# Using Selenium for Advanced Web Crawling
               
   #### By Miriam Rodriguez



## In this tutorial, we will be capturing data with Selenium.

## Selenium

Selenium is a powerful framework designed to automate testing for web applications. It provides a way for developers to write tests in a number of programming languages such as C#, Java, Python, Ruby, etc. The tests can run against most web browsers such as Chrome, IE and Firefox.  

Selenium automates browsers. Out of the box Selenium allows one to open a web browser, go to a page, and do any action a human could do (clicking button, filling in forms, etc), in addition to the base task of parsing html for information.
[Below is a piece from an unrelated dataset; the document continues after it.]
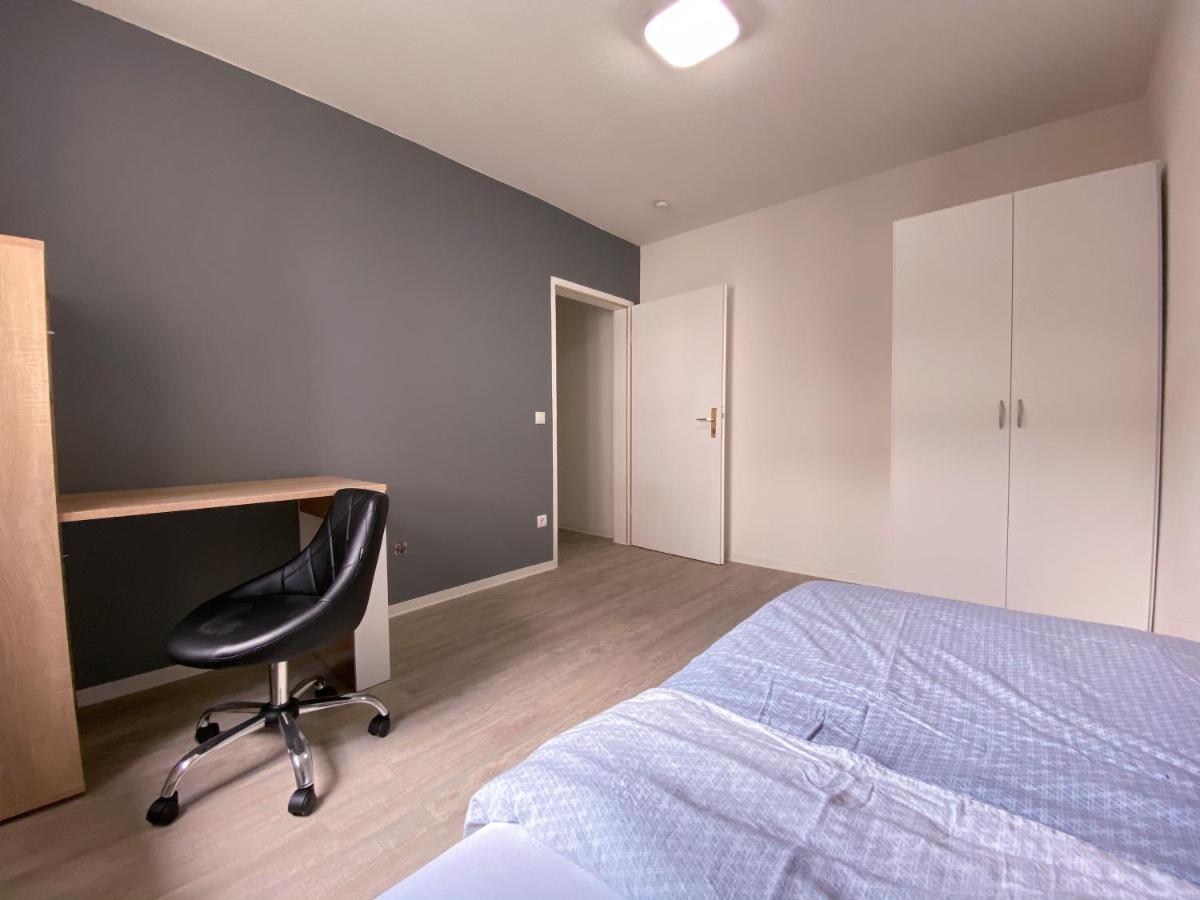 Traumhaftes Privatzimmer In Karlsruhe Buitenkant foto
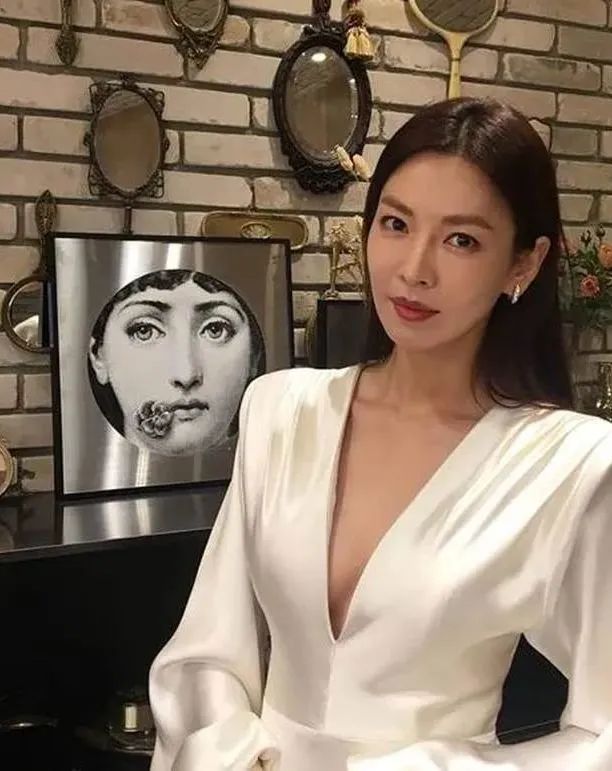 韩素希本色出演腹黑女主,这年头连广告都这么卷了?!休闲区蓝鸢梦想 - Www.slyday.coM 韩素希本色出演腹黑女主,这年头连广告都这么卷了?!休闲区蓝鸢梦想 - Www.slyday.coM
## 1. Install Selenium (Windows):

For the purposes of this tutorial, we will focus on the Windows setup.

Using the command prompt:

- pip install selenium

To upgrade the currently installed Selenium Webdriver package: 
    
- pip install -U selenium    



## 2. How to Set Webdrivers for Selenium (Windows)

### Firefox: 
driver = webdriver.Firefox()

### iPhone:
driver = webdriver.Remote(browser_name="iphone", command_executor='http://172.24.101.36:3001/hub')
 
### Android:
driver = webdriver.Remote(browser_name="android", command_executor='http://127.0.0.1:8080/hub')

### Google Chrome: 
For Selenium to utilize Chrome, the driver has to be downloaded. 

Download Chrome Driver from:

http://chromedriver.storage.googleapis.com/2.9/chromedriver_win32.zip or 
https://sites.google.com/a/chromium.org/chromedriver/downloads

Paste the chromedriver.exe file in "C:\Python27\Scripts" Folder (or anywhere that you wish, just make sure you point to it when setting the driver).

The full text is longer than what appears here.